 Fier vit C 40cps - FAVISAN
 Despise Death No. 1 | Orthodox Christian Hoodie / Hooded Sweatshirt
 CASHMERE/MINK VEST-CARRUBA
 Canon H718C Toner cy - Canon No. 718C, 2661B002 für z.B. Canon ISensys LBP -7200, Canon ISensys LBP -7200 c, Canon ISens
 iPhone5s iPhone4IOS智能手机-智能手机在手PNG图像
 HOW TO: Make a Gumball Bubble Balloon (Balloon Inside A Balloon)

WHAT NEEDS TO BE DONE ▸ Only the lines from the one with "Canon H718C Toner" through the end of the listing should be output, exactly as they appear.

YOUR SOLUTION ▸
 Canon H718C Toner cy - Canon No. 718C, 2661B002 für z.B. Canon ISensys LBP -7200, Canon ISensys LBP -7200 c, Canon ISens
 iPhone5s iPhone4IOS智能手机-智能手机在手PNG图像
 HOW TO: Make a Gumball Bubble Balloon (Balloon Inside A Balloon)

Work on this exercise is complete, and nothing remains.